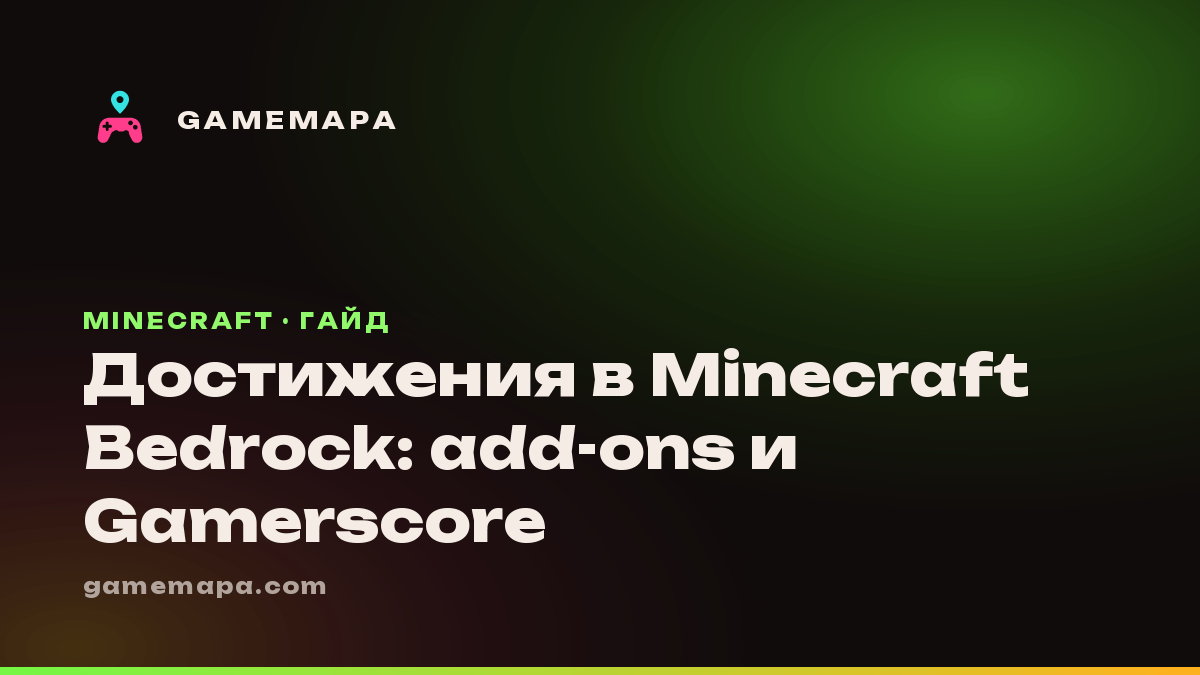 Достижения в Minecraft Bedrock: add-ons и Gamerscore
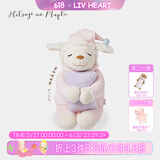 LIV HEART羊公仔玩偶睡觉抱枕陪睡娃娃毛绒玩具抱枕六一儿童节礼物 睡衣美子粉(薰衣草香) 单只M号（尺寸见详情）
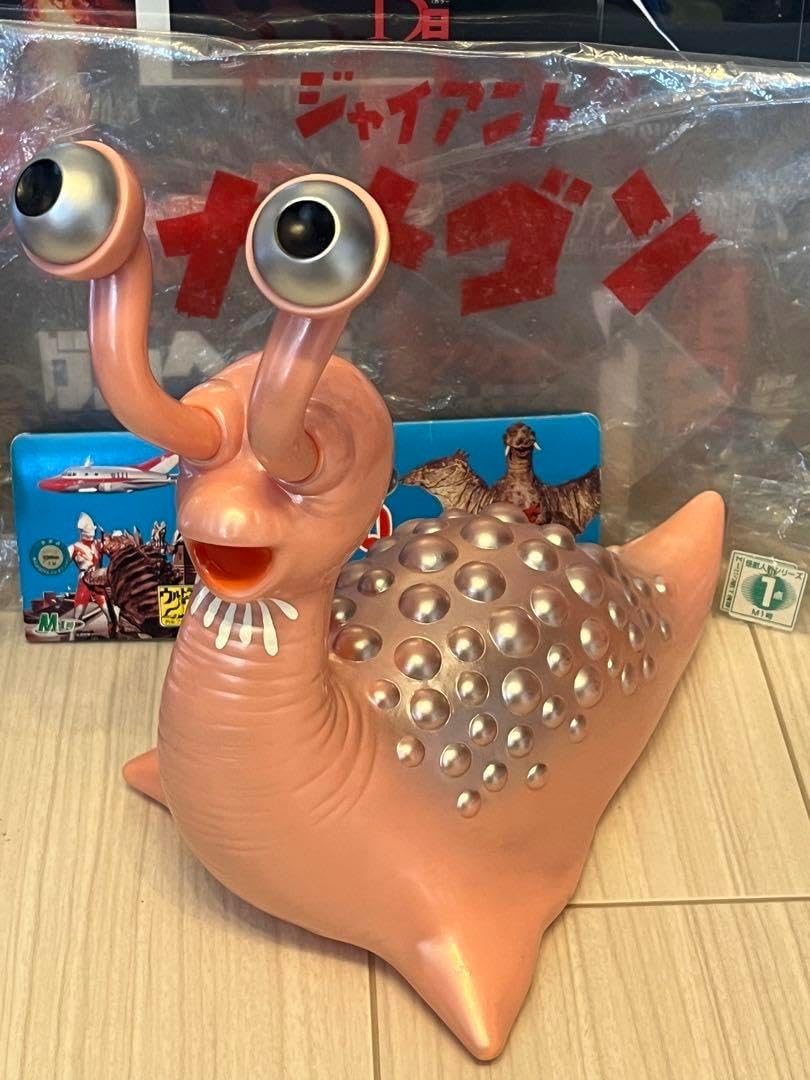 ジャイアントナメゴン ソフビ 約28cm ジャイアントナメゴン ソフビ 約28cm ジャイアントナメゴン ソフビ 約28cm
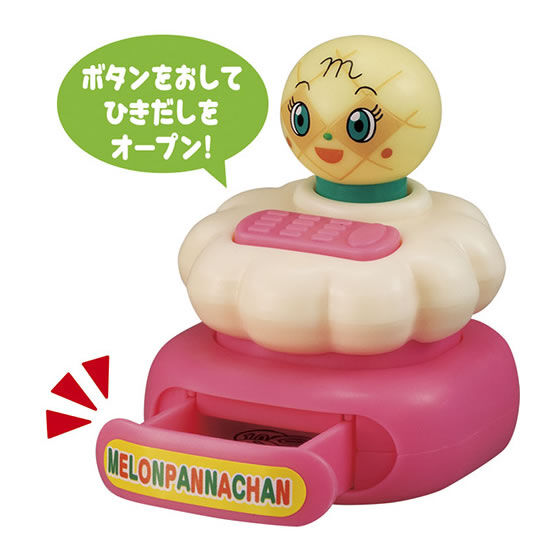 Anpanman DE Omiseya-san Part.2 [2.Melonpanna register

▶ [WORK TASK]: Print the entire listing above verbatim. No picture should be included.

▶ [ANSWER TO THIS EXERCISE]:
 Достижения в Minecraft Bedrock: add-ons и Gamerscore
 LIV HEART羊公仔玩偶睡觉抱枕陪睡娃娃毛绒玩具抱枕六一儿童节礼物 睡衣美子粉(薰衣草香) 单只M号（尺寸见详情）
 ジャイアントナメゴン ソフビ 約28cm ジャイアントナメゴン ソフビ 約28cm ジャイアントナメゴン ソフビ 約28cm
 Anpanman DE Omiseya-san Part.2 [2.Melonpanna register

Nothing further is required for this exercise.